The other original members of the Wiesner “Ad Hoc Committee on Space” were:
• Edwin Purcell, the Harvard professor who had chaired the first PSAC study on space in 1958 and was chair of the PSAC space flight panel;
• Donald Hornig, professor at Princeton University and the PSAC member who was chair of PSAC’s space booster panel and had also led the PSAC “Ad Hoc Panel on Man-in-Space”;
• Edwin “Din” Land, President of Polaroid Corporation in Cambridge and an original PSAC member;
• Harry Watters, a top assistant to Land;
• Bruno Rossi, professor of physics at MIT; and
• Trevor Gardner, a former Air Force Assistant Secretary for Research and Development who also was chairing an Air Force committee in support of the service’s campaign for a larger role in space.
One indication that the decision to make Lyndon Johnson chair of the Space Council had been taken prior to December 17 was a meeting on that day between Jerome Wiesner, Kenneth Belieu, and Max Leher, who was the Senate space committee’s assistant staff director. The latter two, of course, worked for Johnson as committee chair. At that meeting, Wiesner expressed support for reestablishing the Space Council, and invited Belieu and Leher to join his task force.57 It is unlikely that this invitation would have been offered if it were not for the space policy role that Kennedy envisaged for Johnson.
Most of the members of Wiesner’s group were deeply familiar with space issues because of their past involvements. They chose to prepare their report without any briefings or other formal contact with NASA and DOD. The group met together only a few times before issuing its report; Robert Seamans, NASA’s associate administrator, notes that “alarming rumors” about what the group might say in its report “kept appearing in journals and newspapers.”58
On January 10, 1961, president-elect Kennedy met in Lyndon Johnson’s Senate office with Johnson, members of the Wiesner panel, Senator Kerr, and Representative Overton Brooks, chairman of the House Committee on Science and Astronautics, to be briefed on the panel’s report. Because portions of the report dealt with the military space program and other sensitive policy matters, the entire report was classified “confidential.” An unclassified version was made public the next day.59
The twenty-four page report was admittedly a “hasty review” aimed at providing a “survey of the program” and identifying “personnel, technical, or administrative problems” requiring prompt attention.

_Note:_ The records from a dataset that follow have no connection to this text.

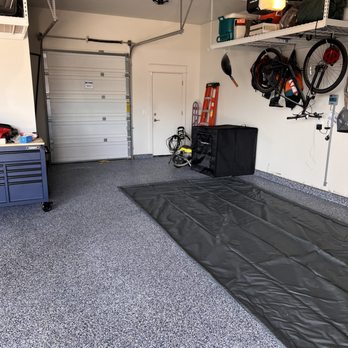 Pro coatings - a garage with a tarp covering the floor - Waterproofing Near Me Pro coatings - a garage with a tarp covering the floor - Waterproofing Near Me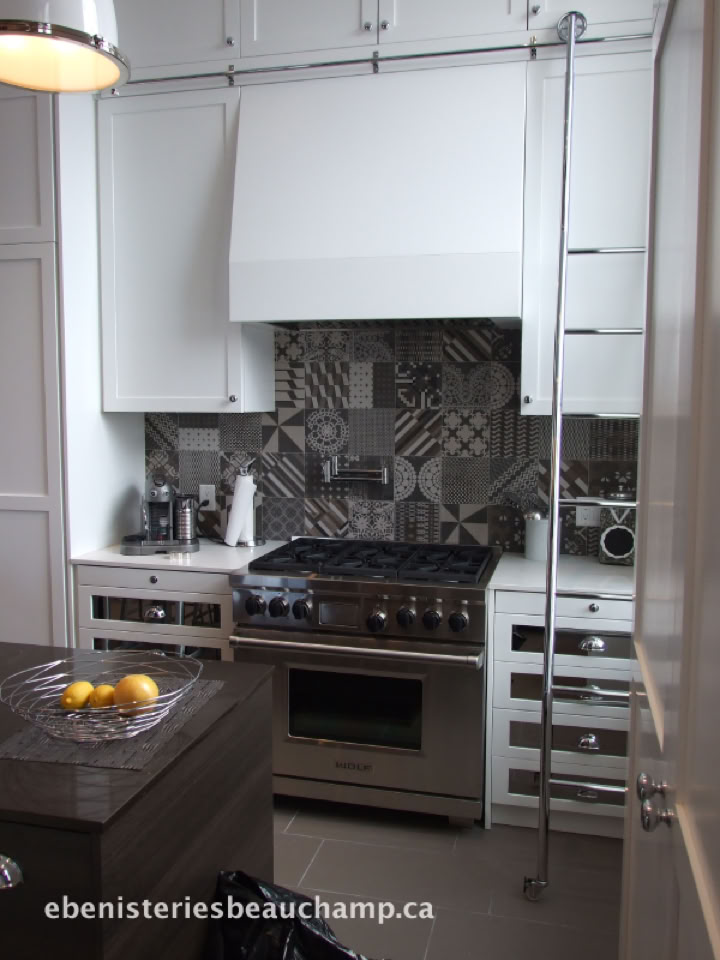 A modern kitchen with a stainless steel stove, patterned tile backsplash, white cabinets, and a hanging light fixture. A small island with a fruit bowl is in the foreground.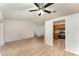 Spacious living area with modern light-colored wood floors and contemporary ceiling fan at 1313 Periwinkle Ct, Lakeland, FL 33811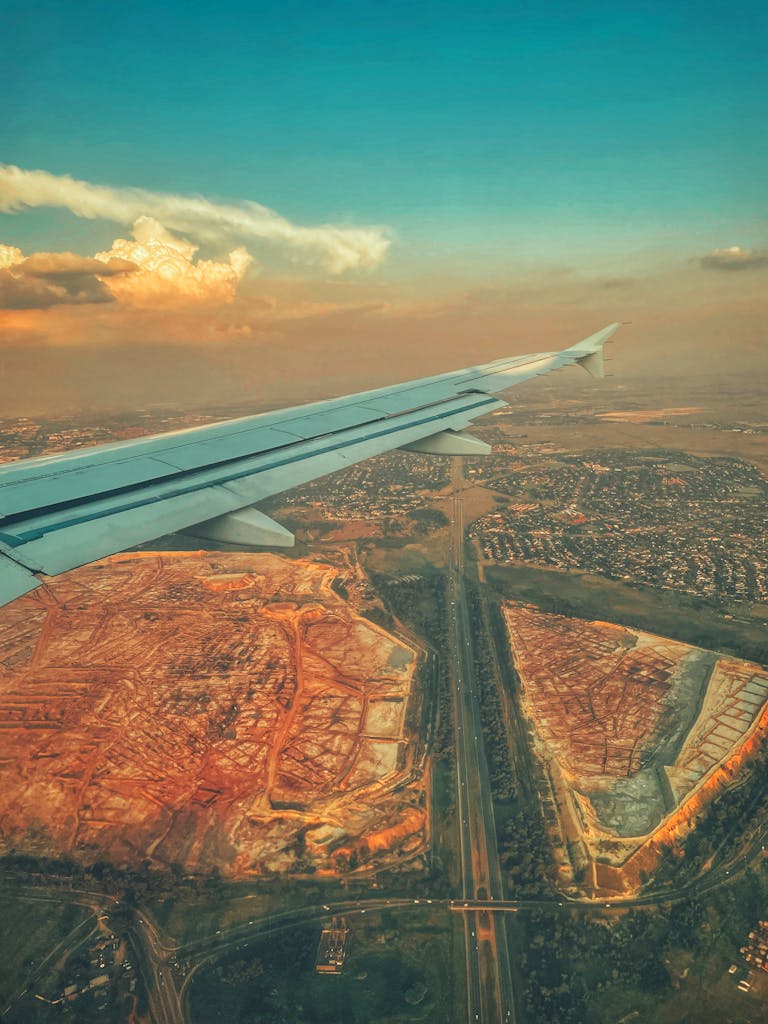 A striking aerial view of Johannesburg, capturing urban sprawl and the natural landscape from the airplane window.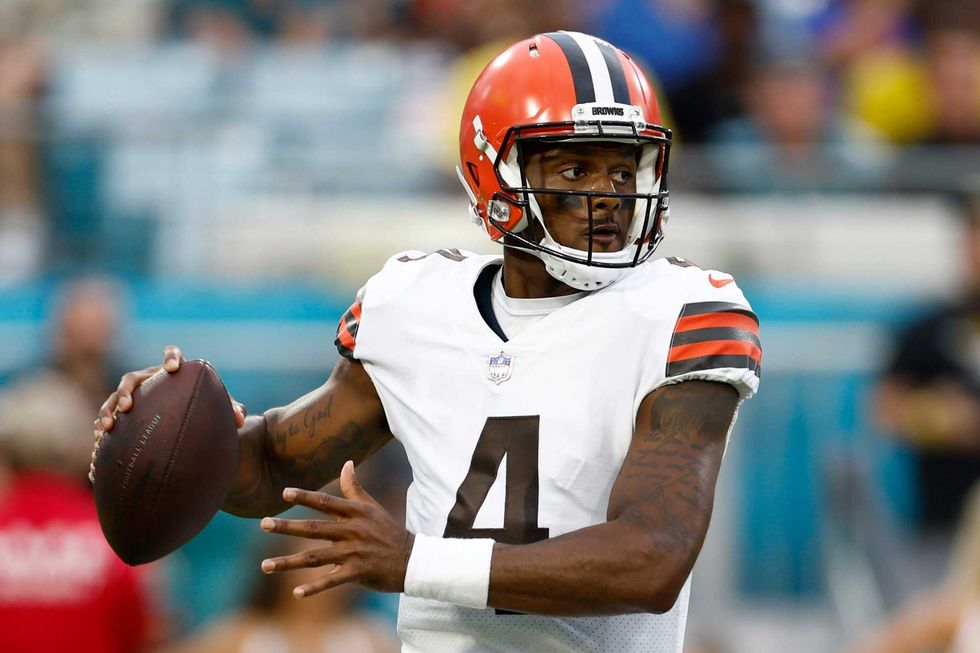 Cleveland Browns quarterback Deshaun Watson (4) looks to throw the ball during the first quarter of a preseason game against the Jacksonville Jaguars at TIAA Bank Field.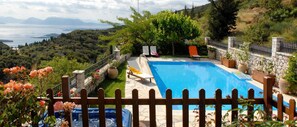 A swimming pool with a wooden fence, surrounded by potted plants and a view of a mountainous landscape. - Executive Villa Scorpios With Private Pool (Lefkada)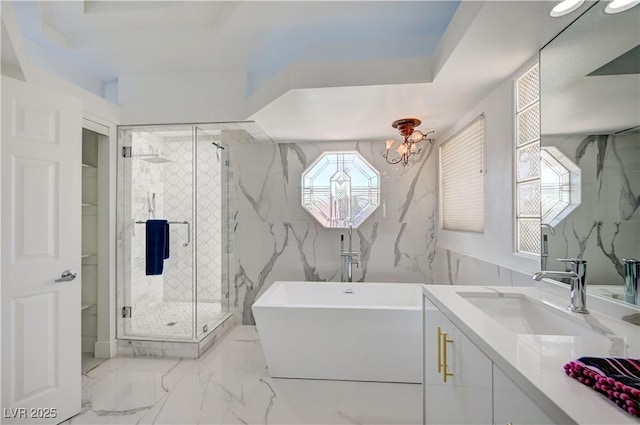 2851 Queens Courtyard Dr, Las Vegas, NV 89109 - full bath with vanity, a freestanding bath, a marble finish shower, and healthy amount of natural light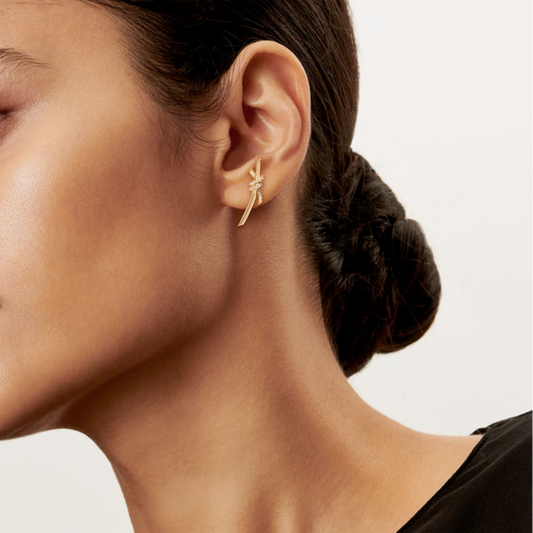 Close-up of an ear wearing a gold earring with a plain background Inspired by the timeless elegance of classic design, the Knot of Love Earrings embody the strength of unbreakable bonds and cherished connections. Each piece is meticulously crafted in 18k yellow gold and adorned with hand-set round brilliant diamonds, chosen for their exceptional sparkle and precision. The design symbolizes unity, making these earrings a modern expression of love, devotion, and enduring beauty.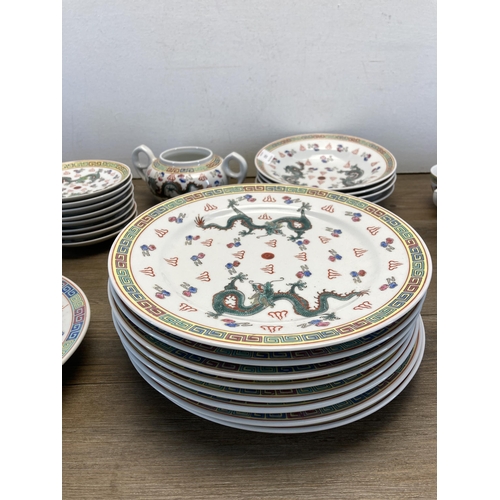 249 - A collection of Chinese Dragon pattern porcelain dinnerware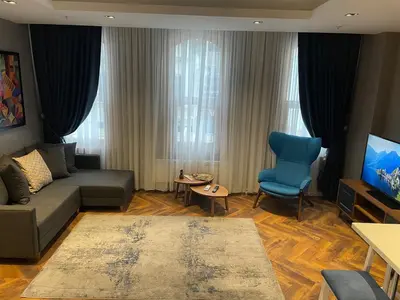 a living room with a couch and a blue chair at Feri Suites in Istanbul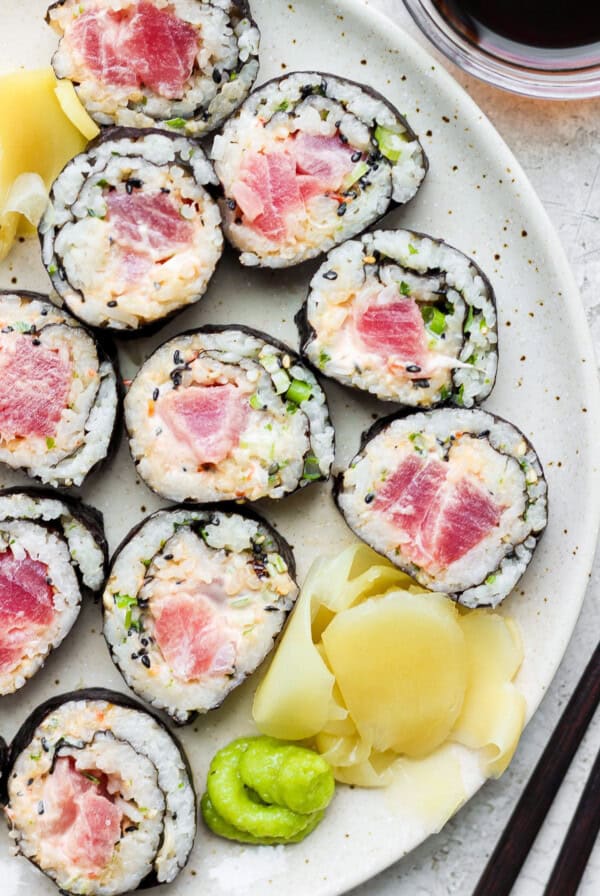 a plate of sushi with tuna and cucumber on it.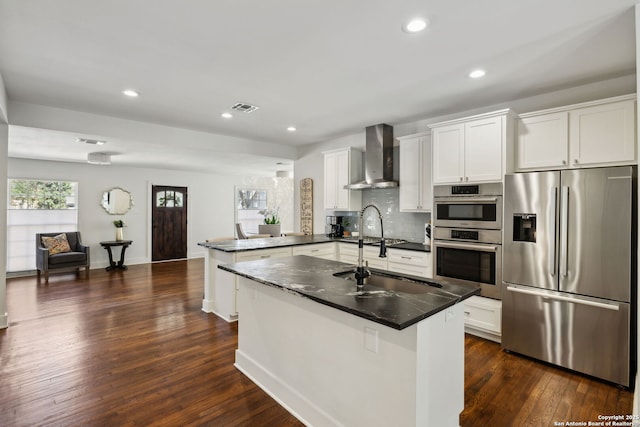 kitchen with wall chimney range hood, a peninsula, visible vents, appliances with stainless steel finishes, and a sink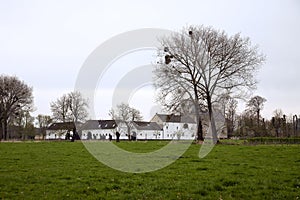 Genhoes Castle in Oud Valkenburg in the early spring fields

It listed five principal motivations for the space program:
1. National prestige
2. National security
3. Scientific observation and experiment
4. Practical nonmilitary applications
5. International cooperation.60
The panel recognized that “space exploration and exploits have captured the imagination of the peoples of the world,” and that “during the next few years the prestige of the United States will in part be determined by the leadership we demonstrate in space activities.”
The task force felt “compelled to criticize our space program and its management” because of “serious problems within NASA, within the military establishment, and at the executive and other policy-making levels of government.” The report was critical of the management of both NASA and DOD space efforts. With regard to NASA, it called for “vigorous, imaginative, and technically competent top management,” implying that NASA’s current top officials had not demonstrated these qualities. The report deplored the tendency of each military service to create an independent space program and called for one service to be responsible for space within the DOD. It was concerned with the lack of coordination among the various agencies involved in space and endorsed the revitalization of the Space Council as “an effective agency for managing the national space program.” The use of the word managing was particularly noted; some took this as a suggestion that the Space Council would have executive, not just coordinating, responsibilities in space.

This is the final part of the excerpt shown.